トランプ大統領は29日(現地時間)、イランの「『第三の勢力』と交渉中だ」とし、既存の指導部が事実上崩壊した後、新たな交渉ルートが形成されたと主張した。
続けて「我々はこれまで相手にしたことのない別の人物と交渉している。そして正直に言って、彼らは非常に合理的だ」と述べ、交渉の進展に期待感を示した。
しかし30日(現地時間)、CNNによると、米国および中東地域の関係者は、交渉の実質的な相手が誰なのかさえ確信できていない。
パキスタンとトルコを通じて伝達されるメッセージを受け取るイランの関係者が、最終合意に署名し履行する権限を持っているかどうかは不透明だという。
現在、米国はイランのアッバス・アラグチ外相やモハンマド・バーゲル・ガーリーバーフ国会議長などと間接接触を続けていると伝えられている。特にガーリーバーフ議長はイランの最高指導者モジタバ・ハメネイ氏に影響力を持つ人物と評価されているが、これも確立された権力構造とは言えないとの分析が出ている。
権力の空白は最近さらに深刻化している。イランの権力中枢にあったアリー・ラーリージャーニー最高安全保障委員会事務総長がイスラエルの空爆で死亡し、意思決定体制そのものが揺らいでいるためだ。戦争の過程で高位層が相次いで排除され、「次善の権力」さえ消失したとの見方もある。
さらにモジタバ・ハメネイ氏の生死さえ不確実だ。米国側は死亡または重傷の可能性を指摘しているが、イランは健在で権力を行使していると主張している。ただし就任以降、公の場には一切姿を見せておらず、書面声明を通じてのみ意思を示している。
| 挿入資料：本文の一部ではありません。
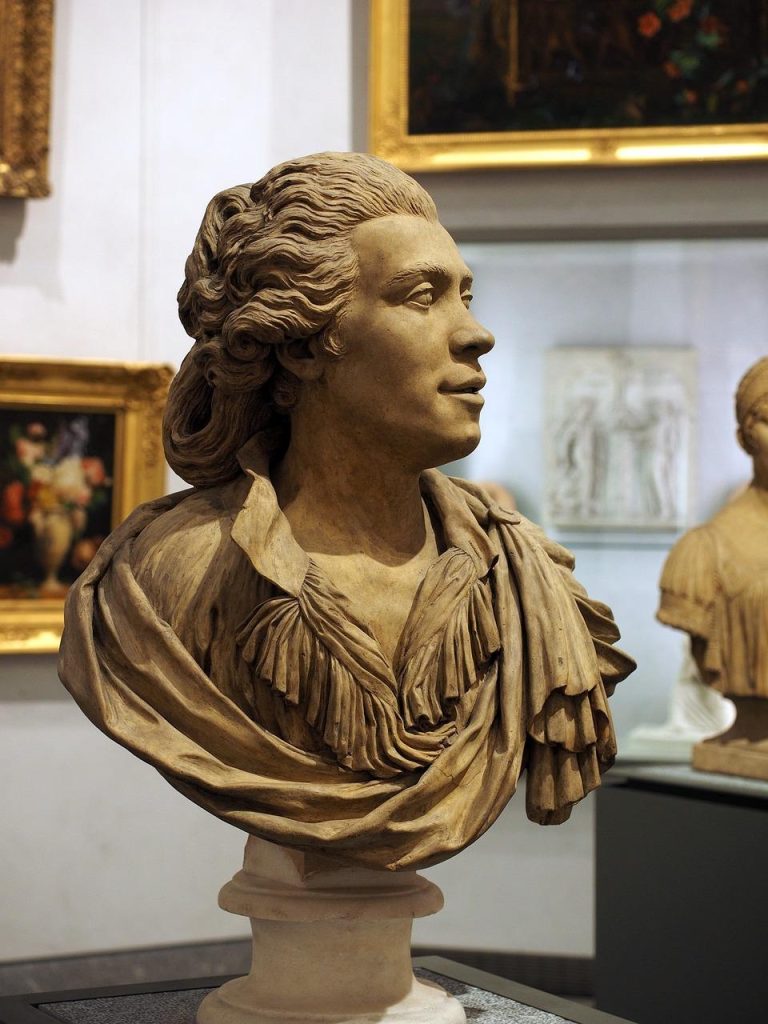 Musea in Nijmegen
米国のマルコ・ルビオ国務長官は30日、「誰もモジタバを見たことがなく、誰も彼の消息を聞いたことがない」とし、「イラン政権の構造は現在極めて不透明で、誰が意思決定を行っているのか分からない状況だ」と述べた。
こうした不確実性は交渉の進展を遅らせる要因となっている。仲介役を担うトルコとパキスタンもイラン側との連絡に苦慮していると伝えられる。
交渉に詳しい関係者はCNNに対し、「イラン側の関係者は空爆を避けて潜伏しており、通信が制限されるため返答が遅れるケースが多い。今後の対話にはさらに時間が必要だ」と語った。
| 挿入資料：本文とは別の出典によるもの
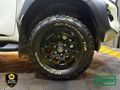 2026 Toyota Hilux 2.8GD-6 GR-Sport Double-Cab 4x4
何よりイラン内部の不信感は依然として根強い。過去に交渉中に米国が空爆を行った経緯から、一部の強硬派は交渉そのものに否定的な立場を維持しているとされる。
それでもホワイトハウスは、水面下の交渉でイラン側の態度が以前より柔軟になったと主張している。キャロライン・レビット報道官は30日のブリーフィングで「イランの公開発言と非公開メッセージは異なる」と述べ、交渉の可能性を強調した。
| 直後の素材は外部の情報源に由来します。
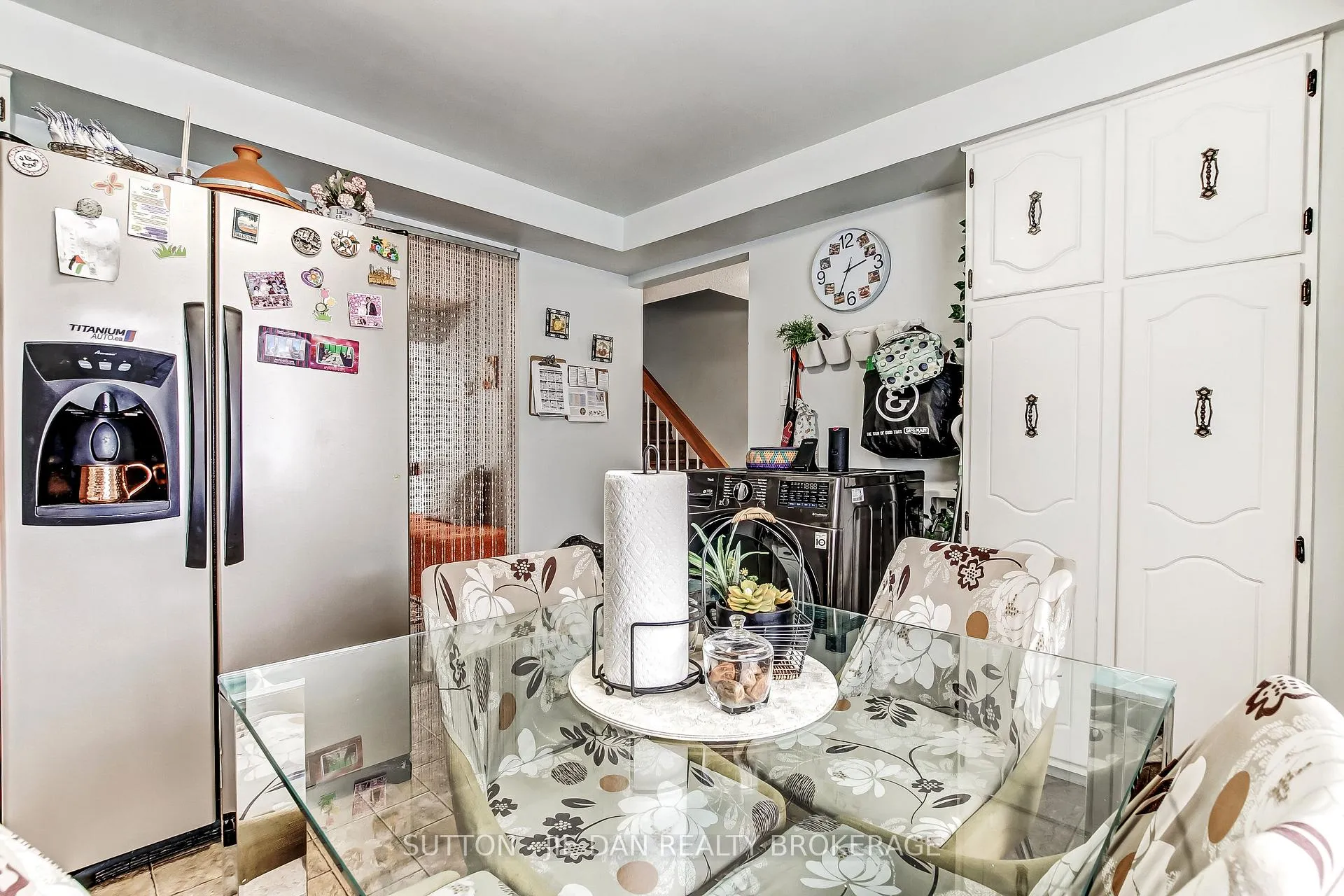 Photo 6 of Unit 44, 300 Sandringham Crescent, London, South R — HOMEH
ただし短期間で包括的な合意に至る可能性は低いとの見方が強い。現在の協議はホルムズ海峡の安全通行に焦点が当てられており、戦争終結に向けた本格交渉にはなお時間を要するとみられている。
地域の情報筋は「仮に双方が今後より積極的に交渉に臨んだとしても、全体的な合意に達するにはまだ時間がかかる」とした上で、「誰が前面に出てくるにせよ、数週間で解決するとは考えにくい」との見通しを示した。
軍事的緊張も依然として続いている。米国は大規模な空爆を継続しており、イランもミサイルやドローン攻撃を続けながら海峡の統制を維持している。
ホワイトハウスは30日、戦争期間中に1万1000の目標を攻撃し、150隻の艦艇を撃沈したと明らかにした。
米国は当初、戦争の所要期間を4~6週間と見込んでおり、現在もその見通しを維持している。
CNNは関係者の話として「ホワイトハウスはイラン側が交渉に一層積極的になっているとみているが、イランは海峡封鎖に向けて時間を確保しようとしている」と伝えた。
結局、交渉は進行しているものの、「誰が意思決定を担っているのか」という根本的な問題が解消されない限り、実質的な進展は限定的にとどまるとの見方が強い。